Die EU-Kommission scheint dies jedoch anders zu sehen und sieht die EU-Vorgaben in Bezug auf Deutschland als noch nicht umgesetzt an. Es scheint ihr gerade auf den mit der Geburt unmittelbar verbundenen Zeitabschnitt anzukommen, indem eine besondere Beziehung aufgebaut werden solle. Elternzeit und Vaterschaftsurlaub verfolgen also offenbar verschiedene Schutzziele.

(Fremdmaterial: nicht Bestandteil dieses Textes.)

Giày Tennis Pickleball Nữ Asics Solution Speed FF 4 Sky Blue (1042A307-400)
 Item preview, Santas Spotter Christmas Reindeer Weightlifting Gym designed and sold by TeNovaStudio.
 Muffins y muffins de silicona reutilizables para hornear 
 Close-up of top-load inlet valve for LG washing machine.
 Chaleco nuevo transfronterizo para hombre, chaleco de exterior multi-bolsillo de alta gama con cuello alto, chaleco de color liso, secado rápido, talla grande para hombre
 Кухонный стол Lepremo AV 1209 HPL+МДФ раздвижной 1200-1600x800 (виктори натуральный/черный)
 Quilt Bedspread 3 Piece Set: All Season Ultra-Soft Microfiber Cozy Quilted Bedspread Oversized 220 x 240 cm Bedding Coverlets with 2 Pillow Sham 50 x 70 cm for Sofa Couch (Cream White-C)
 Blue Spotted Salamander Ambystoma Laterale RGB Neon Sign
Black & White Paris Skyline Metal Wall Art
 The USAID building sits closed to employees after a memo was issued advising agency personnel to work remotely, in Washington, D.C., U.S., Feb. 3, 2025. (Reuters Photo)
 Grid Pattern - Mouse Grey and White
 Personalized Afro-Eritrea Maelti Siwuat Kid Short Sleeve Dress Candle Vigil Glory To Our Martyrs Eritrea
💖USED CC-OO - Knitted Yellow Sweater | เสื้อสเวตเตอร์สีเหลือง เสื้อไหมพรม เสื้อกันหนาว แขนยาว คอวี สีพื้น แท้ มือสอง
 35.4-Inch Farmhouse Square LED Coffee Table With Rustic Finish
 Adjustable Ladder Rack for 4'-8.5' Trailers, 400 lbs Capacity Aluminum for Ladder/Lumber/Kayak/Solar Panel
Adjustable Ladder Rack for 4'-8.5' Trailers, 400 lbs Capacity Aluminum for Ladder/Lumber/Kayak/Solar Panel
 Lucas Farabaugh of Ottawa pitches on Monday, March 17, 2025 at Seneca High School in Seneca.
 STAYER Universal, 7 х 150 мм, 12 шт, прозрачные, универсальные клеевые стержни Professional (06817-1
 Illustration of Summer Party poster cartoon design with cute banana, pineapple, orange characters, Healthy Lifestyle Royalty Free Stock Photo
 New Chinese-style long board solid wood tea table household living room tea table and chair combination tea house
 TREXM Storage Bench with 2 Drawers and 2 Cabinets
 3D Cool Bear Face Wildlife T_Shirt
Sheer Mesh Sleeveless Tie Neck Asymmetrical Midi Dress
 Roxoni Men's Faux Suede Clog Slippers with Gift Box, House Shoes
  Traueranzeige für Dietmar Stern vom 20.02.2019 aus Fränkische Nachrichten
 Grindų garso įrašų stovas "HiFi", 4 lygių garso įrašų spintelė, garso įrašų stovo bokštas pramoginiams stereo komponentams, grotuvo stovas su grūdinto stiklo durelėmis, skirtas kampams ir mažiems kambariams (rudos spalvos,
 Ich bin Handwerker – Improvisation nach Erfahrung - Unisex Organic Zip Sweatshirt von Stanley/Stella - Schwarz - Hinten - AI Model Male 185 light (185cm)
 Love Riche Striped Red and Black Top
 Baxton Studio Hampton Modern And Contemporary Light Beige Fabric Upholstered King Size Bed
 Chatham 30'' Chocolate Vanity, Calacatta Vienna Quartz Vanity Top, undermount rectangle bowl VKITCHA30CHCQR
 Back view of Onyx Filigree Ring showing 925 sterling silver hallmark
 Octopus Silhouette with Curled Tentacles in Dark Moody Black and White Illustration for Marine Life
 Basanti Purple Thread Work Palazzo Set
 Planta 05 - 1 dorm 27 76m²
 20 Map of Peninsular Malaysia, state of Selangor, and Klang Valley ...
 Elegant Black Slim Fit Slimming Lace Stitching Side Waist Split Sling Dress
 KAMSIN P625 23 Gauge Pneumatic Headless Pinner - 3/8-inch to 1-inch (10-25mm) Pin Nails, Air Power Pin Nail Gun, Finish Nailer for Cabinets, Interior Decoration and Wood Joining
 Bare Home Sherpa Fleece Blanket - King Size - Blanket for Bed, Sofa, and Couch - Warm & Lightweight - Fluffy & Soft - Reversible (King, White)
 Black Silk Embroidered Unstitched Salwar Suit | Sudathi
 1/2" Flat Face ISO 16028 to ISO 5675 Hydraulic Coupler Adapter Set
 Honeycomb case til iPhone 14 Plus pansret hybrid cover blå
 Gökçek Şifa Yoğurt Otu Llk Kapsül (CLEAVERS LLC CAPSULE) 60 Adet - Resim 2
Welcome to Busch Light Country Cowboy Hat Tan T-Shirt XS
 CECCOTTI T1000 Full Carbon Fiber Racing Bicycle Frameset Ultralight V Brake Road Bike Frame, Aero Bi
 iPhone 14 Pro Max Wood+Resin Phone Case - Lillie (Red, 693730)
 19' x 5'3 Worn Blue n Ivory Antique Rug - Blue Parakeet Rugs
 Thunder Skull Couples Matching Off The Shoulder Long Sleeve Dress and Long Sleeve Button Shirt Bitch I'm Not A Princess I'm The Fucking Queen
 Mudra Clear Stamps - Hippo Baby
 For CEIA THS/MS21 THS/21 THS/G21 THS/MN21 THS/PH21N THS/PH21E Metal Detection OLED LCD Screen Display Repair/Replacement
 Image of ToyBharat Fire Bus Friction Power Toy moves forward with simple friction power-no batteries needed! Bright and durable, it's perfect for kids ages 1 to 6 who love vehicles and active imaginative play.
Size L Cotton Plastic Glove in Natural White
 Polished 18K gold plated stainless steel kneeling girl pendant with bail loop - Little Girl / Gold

Für die Umsetzung des europäischen Rechts in das jeweilige nationale Recht hatten die Staaten eine Frist bis zum 2. August 2022. Da Deutschland und 18 weitere EU-Mitgliedsstaaten diese nicht eingehalten haben, bekamen die Staaten nun Post von der EU-Kommission. Deutschland hat nun zwei Monate Zeit, auf das Anliegen der EU-Kommission zu antworten. Diese kann dann entscheiden, ob sie weitere Schritte gegen Deutschland, wie z. B. eine Klage vor dem Europäischen Gerichtshof, einleitet.

grosshandel-bw wird über die weiteren Entwicklungen berichten.